◆ DATA LISTING ◆

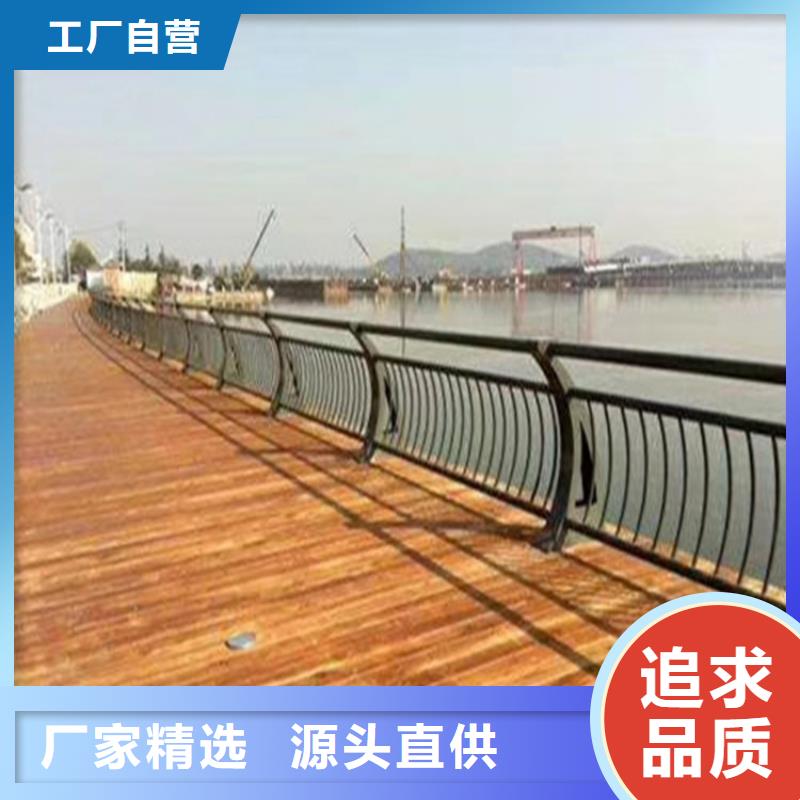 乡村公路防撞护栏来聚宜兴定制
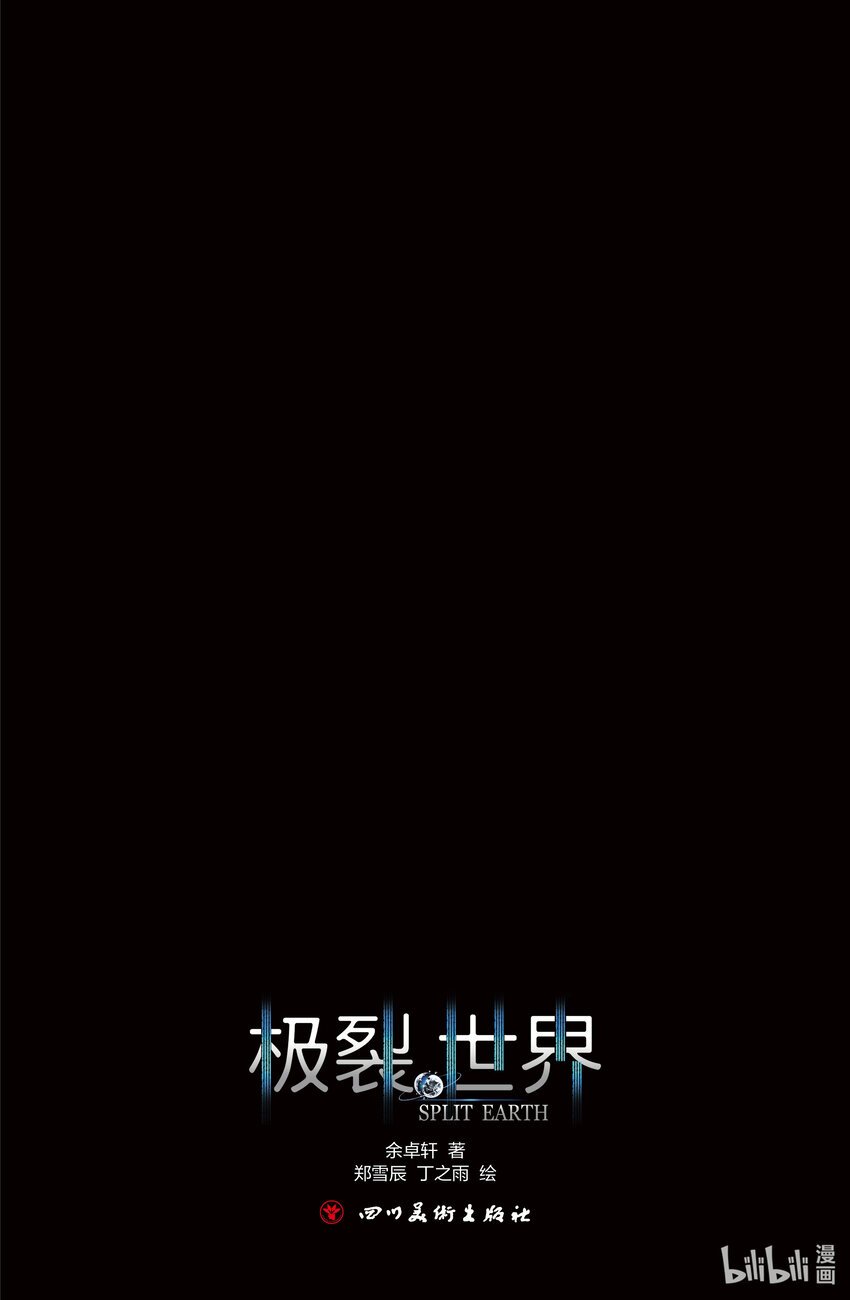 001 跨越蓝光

---

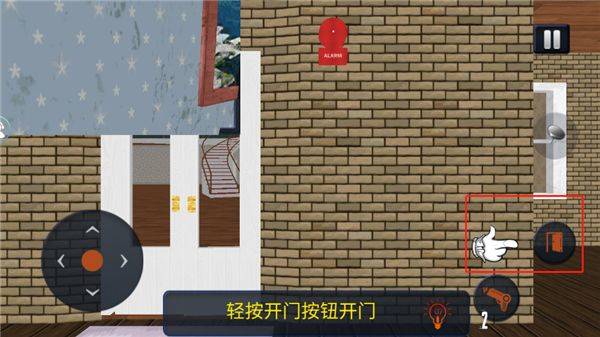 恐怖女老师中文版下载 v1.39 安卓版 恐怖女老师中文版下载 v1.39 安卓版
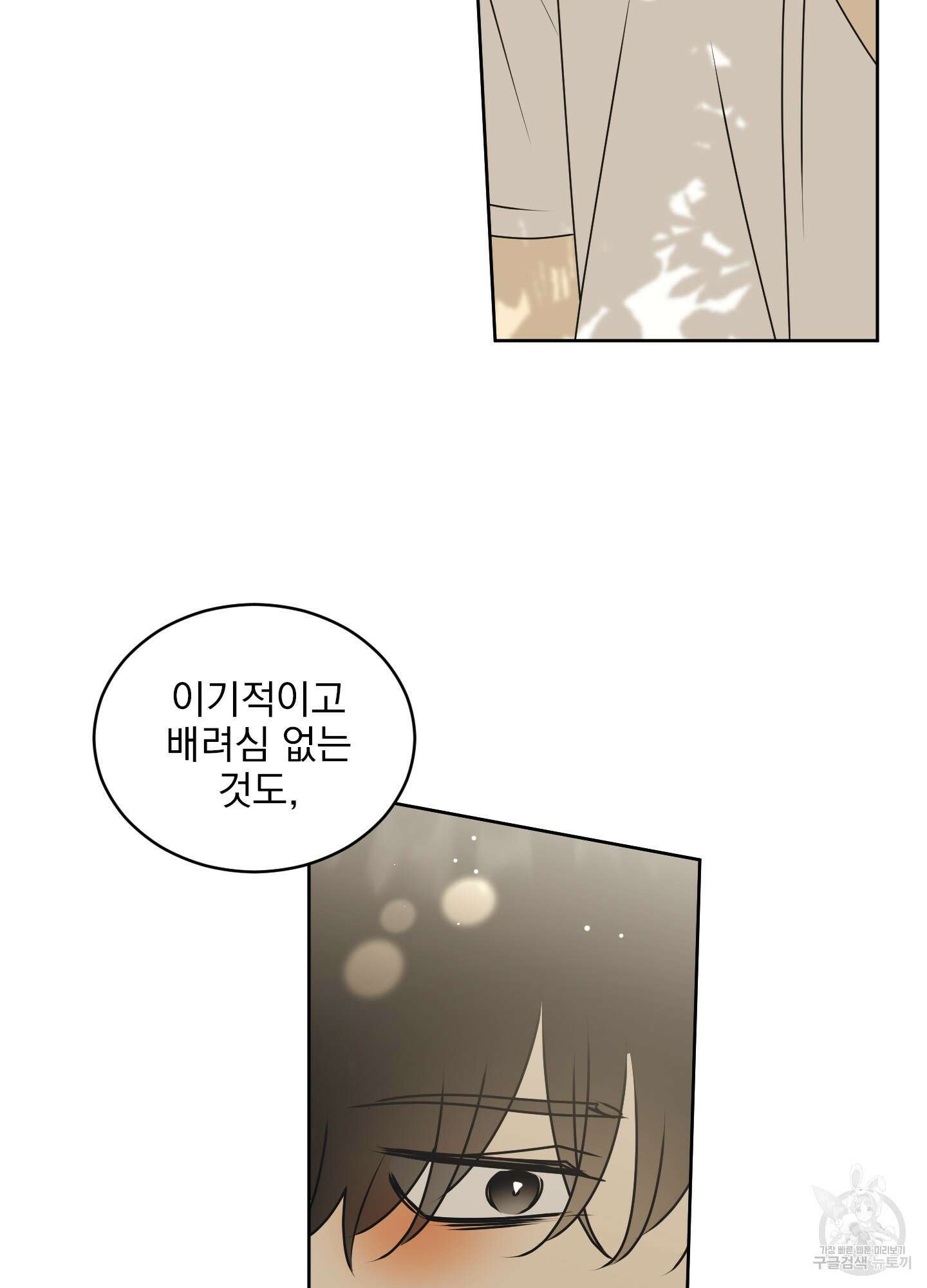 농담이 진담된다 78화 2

◆ WHAT THE TASK ASKS ◆
Transcribe, from the material above, the stretch starting at the line with "恐怖女老师中文版下载 v1.39 安卓版 恐怖女老师中文版下载 v1.39 安卓版" and ending at the line with "농담이 진담된다 78화 2", both included, exactly. Do not carry over pictures.

◆ RESPONSE BELOW ◆
 恐怖女老师中文版下载 v1.39 安卓版 恐怖女老师中文版下载 v1.39 安卓版
 농담이 진담된다 78화 2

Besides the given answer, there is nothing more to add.